The core function to read in motif files, whether from the HOMER database, from HOMER denovo motif enrichment results, or even custom motifs. In all cases, these files must be in the HOMER-format. See below for more details.

read_motif(path)

Arguments

path

location of motif file

Value

at minimum, a tibble with the following columns:

  • consensus the consensus sequence of the denovo motif

  • motif_name name of the motif

  • log_odds_detection threshold used to determine bound vs. unbound sites

  • motif_pwm a list column with PWMs for each motif

The following columns are presented when available from complete *.motif* files or from HOMER results directories:

  • log_p_value_detection from the original experiment used to ID motif

  • tgt_num number of times motif appears in target sequences

  • tgt_pct percent of times motif appears in target sequences

  • bgd_num number of times motif appears in background sequences

  • bgd_pct percent of times motif appears in background sequences

  • log_p_value final enrichment from experiment -log10(p-value)

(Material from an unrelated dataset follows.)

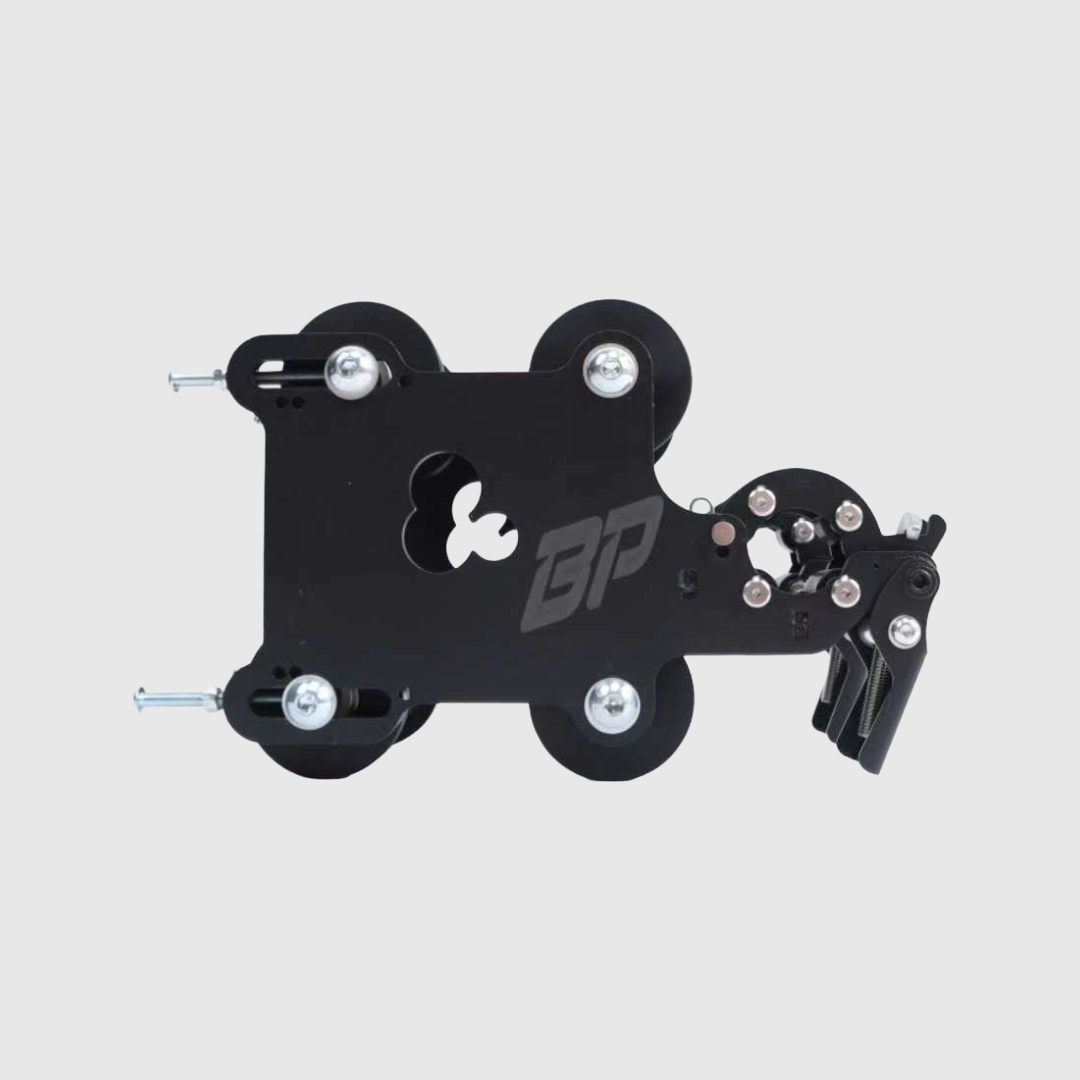 VTS Lite HOME (PAIR)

  • tgt_pos average position of motif in target sequences, where 0 = start of sequences

  • tgt_std standard deviation of position in target sequences

  • bgd_pos average position of motif in background sequences, where 0 = start of sequences

  • bgd_std standard deviation of position in background sequences

  • strand_bias log ratio of + strand occurrences to - strand occurrences

  • multiplicity average number of occurrences per sequence in sequences with 1 or more binding sites

Details

To read-in a HOMER-formatted motif, at a minimum, the first three fields are required to properly ID the motif:

  • ">" + Consensus sequence The dominant or likeliest sequence

  • Motif name Should be unique

  • Log odds detection threshold determines bound vs. unbound sites

The remaining extra fields of HOMER-formatted motifs are described at the URL below, and primarily meant for interpreting motifs from HOMER's own database. To read more about the HOMER format, see: http://homer.ucsd.edu/homer/motif/creatingCustomMotifs.html

Note that HOMER also has additional information in the motif name regarding its origin and identity. See the internal function .parse_homer_subfields for more info and to break this field up.

Subsequent lines (after the ">") describe the position weight matrix (PWM), with columns in order of A, C, G, T describing the probabilities of per position of each nucleotide.

Note that it is possible to combine complete information (HOMER-formatted) motifs with minimal motifs. Simply use dplyr::bind_rows for easy concatenation despite column spec differences.